The science suggests there is a stronger link between the planet's warming and its changing weather patterns, and these trends are stronger where significant changes to the use of land have occurred. The international community has plenty of opportunities, over the next two years, to take decisive action to strengthen the resilience of communities and ecosystems, and move in the direction the public desires.
The first of those opportunities is the 14th session of the Conference of the Parties to the United Nations Convention to Combat Desertification, taking place in New Delhi, India, this and next week.
It is the world's most powerful decision-making body on desertification, land degradation and drought, with two complementary mandates. It guides actions to avoid and reduce land degradation, which is a key source of our vulnerability to disasters. It also supports actions to recover degraded land and mitigate the impacts of drought.
Testing the planet's resilience
The political will to act will be tested and examined, coming as the Conference does, less than a month after the release of the first authoritative report on climate change and land by the Intergovernmental Panel on Climate Change. This, and four other recent scientific assessments, are crystal clear. We have transformed the land significantly, and are testing the limits of its resilience.
About 75 percent of the land has been altered from its natural state, often, unsustainably. In a mere 50 years, we have rendered 23 percent of previously productive land virtually useless. Our insatiable use of land resources, including food, water and energy may be contributing up to 37 percent (or a third) of the greenhouse gases warming the Earth.
As a result, 1.3 billion people now live off degraded land.
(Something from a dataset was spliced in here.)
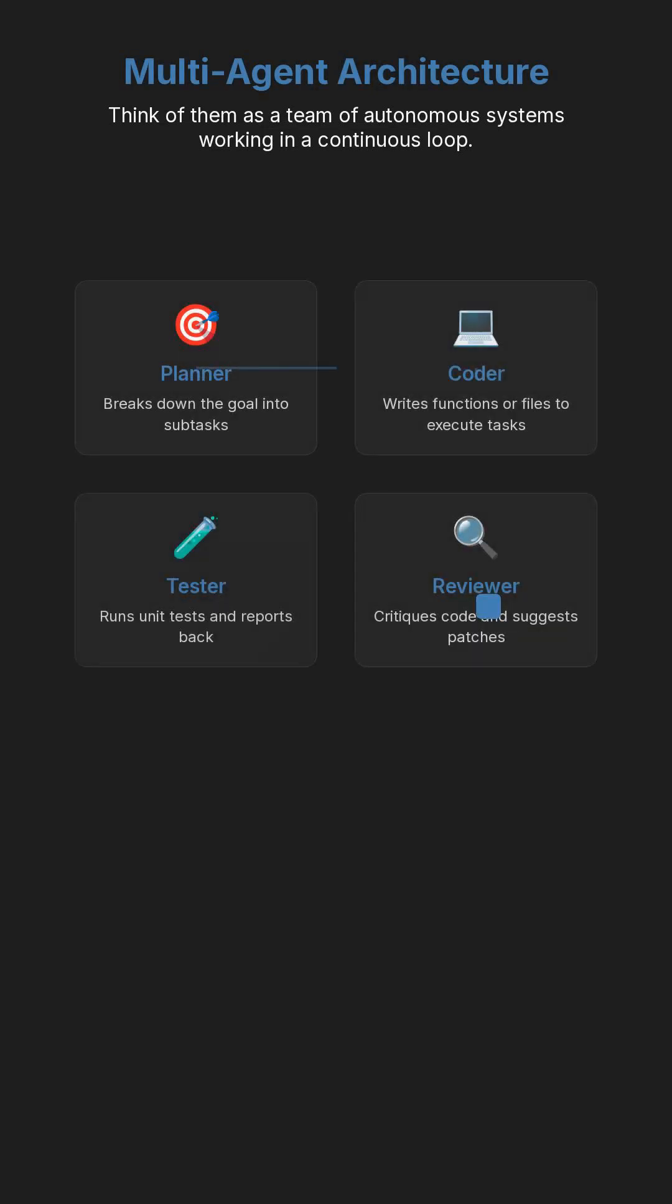A planner breaks down the goal into subtasks. A coder writes functions or files. A reviewer critiques and patches code. A tester runs unit tests and reports back. They use React loops, vector memory, and tool APIs to stay grounded.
Close to 1 million species are threatened with extinction. Over 3.2 billion people — about half of the global population — are affected by land degradation.
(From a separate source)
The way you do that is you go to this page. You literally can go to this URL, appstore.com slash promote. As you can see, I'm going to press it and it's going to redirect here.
To expect a two-week conference to find a silver bullet for these these challenges may seem unrealistic. And yet I am hopeful.
Epic force for change
Hopeful because of the governments' rapid implementation of major decisions on drought and land degradation taken in the last four years. Five years ago, only three countries in the world had national plans to manage droughts effectively. Today, 70 countries have set up comparable plans.
I am hopeful because the decision-makers mandated to take action have shown a willingness to investigate emerging issues thoroughly and scientifically for appropriate action to be taken promptly.
I am also hopeful because the agenda of the Conference shows that there is a willingness among governments to find solutions to knotty issues, some of which have been put on the back burner for a long time.
Public jitters of any kind such as the Fridays for Future youth protests across the world signal a growing impatience with inaction. Every day of action or inaction counts for our survival.
Half of the ministers who can ensure land is used optimally will be in New Delhi. That's an epic force for change that can raise the bar in land use and management and set the tone for the related actions on climate change and biodiversity in the not-too-distant future.
Ibrahim Thiaw is the Executive Secretary of the United Nations Convention to Combat Desertification.